WORK TO BE COMPLETED => Reproduce the full set of records verbatim.

GIVEN DATA section start

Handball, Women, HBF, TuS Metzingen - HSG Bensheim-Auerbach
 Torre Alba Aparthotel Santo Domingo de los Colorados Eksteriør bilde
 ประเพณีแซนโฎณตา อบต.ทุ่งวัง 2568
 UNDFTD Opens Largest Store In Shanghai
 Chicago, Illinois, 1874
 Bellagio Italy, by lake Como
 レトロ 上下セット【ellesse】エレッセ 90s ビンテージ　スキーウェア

GIVEN DATA section end

EXERCISE RESPONSE =>
Handball, Women, HBF, TuS Metzingen - HSG Bensheim-Auerbach
 Torre Alba Aparthotel Santo Domingo de los Colorados Eksteriør bilde
 ประเพณีแซนโฎณตา อบต.ทุ่งวัง 2568
 UNDFTD Opens Largest Store In Shanghai
 Chicago, Illinois, 1874
 Bellagio Italy, by lake Como
 レトロ 上下セット【ellesse】エレッセ 90s ビンテージ　スキーウェア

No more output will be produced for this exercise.